--- START ---

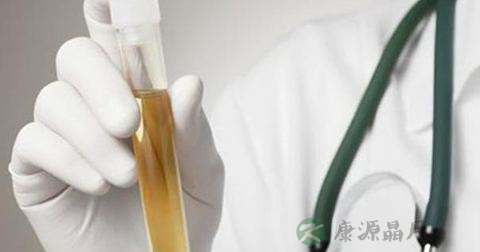 肾病一般做什么检查 肾病一般做什么检查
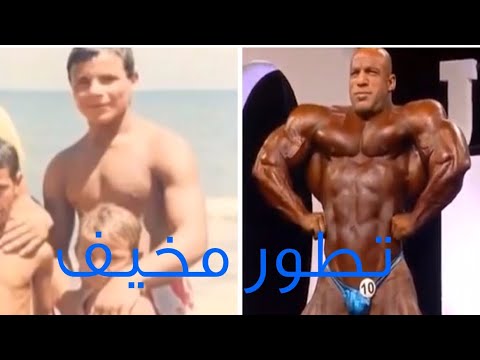 مسيرة بيج رامي قبل وبعد تطور مخيف 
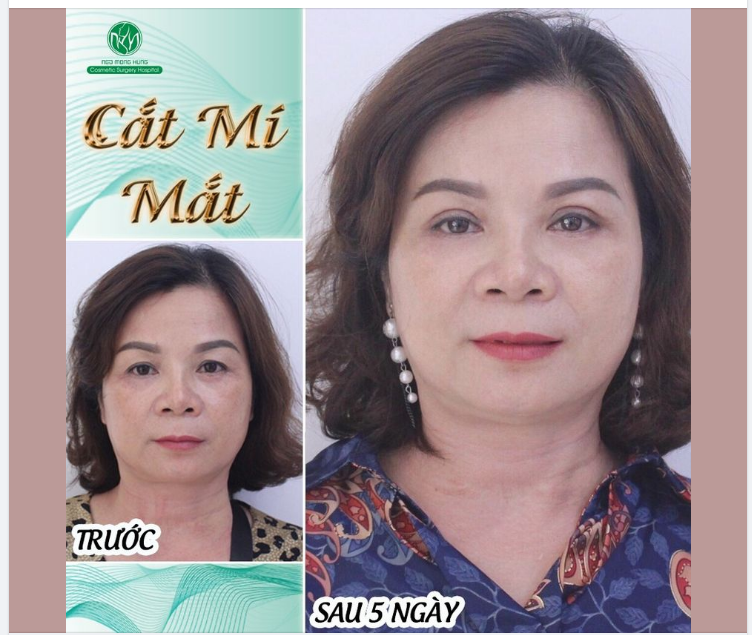 CẢ GIA ĐÌNH ĐỀU LÀM ĐẸP TẠI BỆNH VIỆN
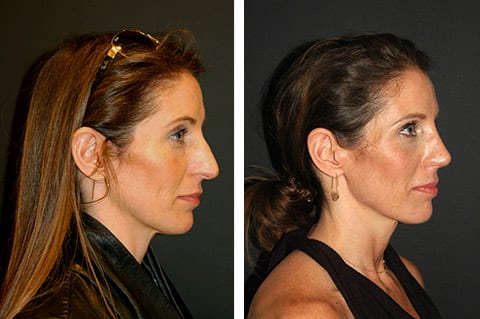 open rhinoplasty before and after nyc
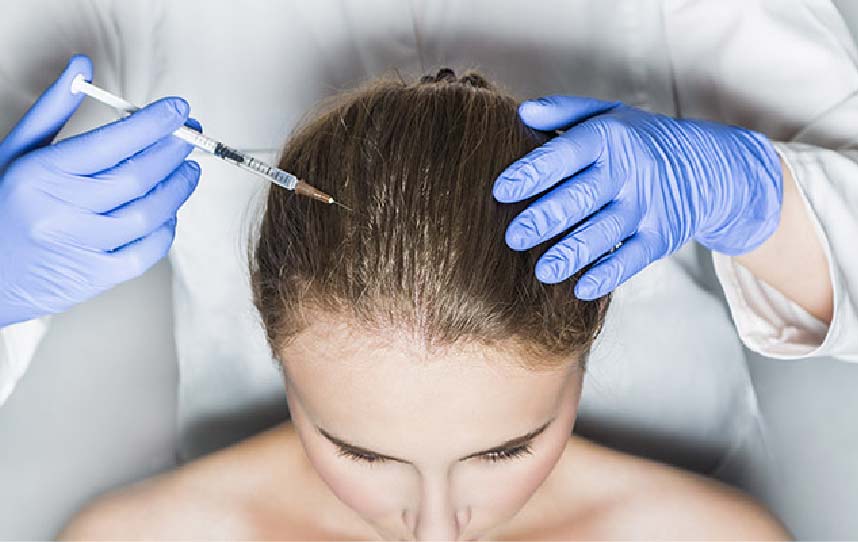 prp hair restoration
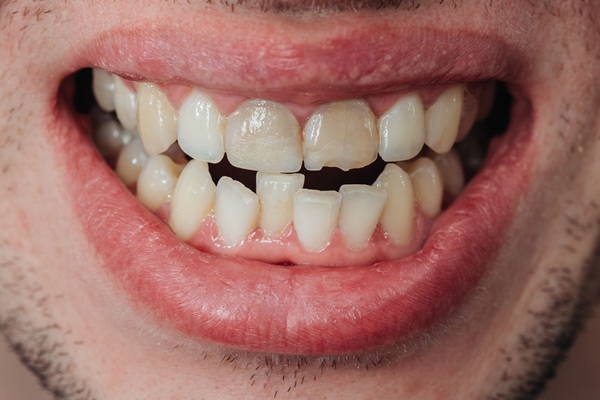 What To Do When You Experience A Broken Tooth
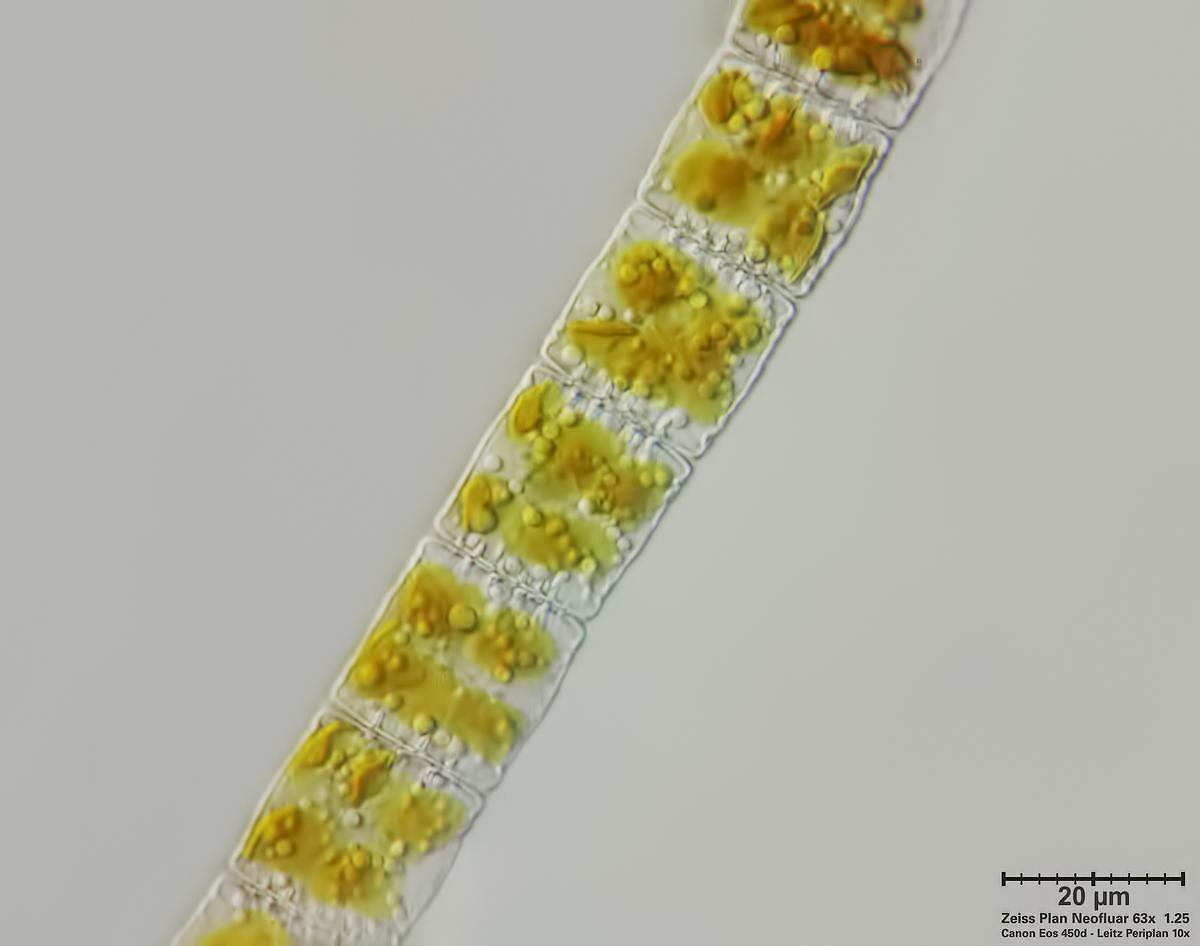 Diatoma (mesodon?)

--- END ---

• Task details: The full listing, reproduced exactly and without pictures, is the expected output.

• Result of the task:
 肾病一般做什么检查 肾病一般做什么检查
 مسيرة بيج رامي قبل وبعد تطور مخيف 
 CẢ GIA ĐÌNH ĐỀU LÀM ĐẸP TẠI BỆNH VIỆN
 open rhinoplasty before and after nyc
 prp hair restoration
 What To Do When You Experience A Broken Tooth
 Diatoma (mesodon?)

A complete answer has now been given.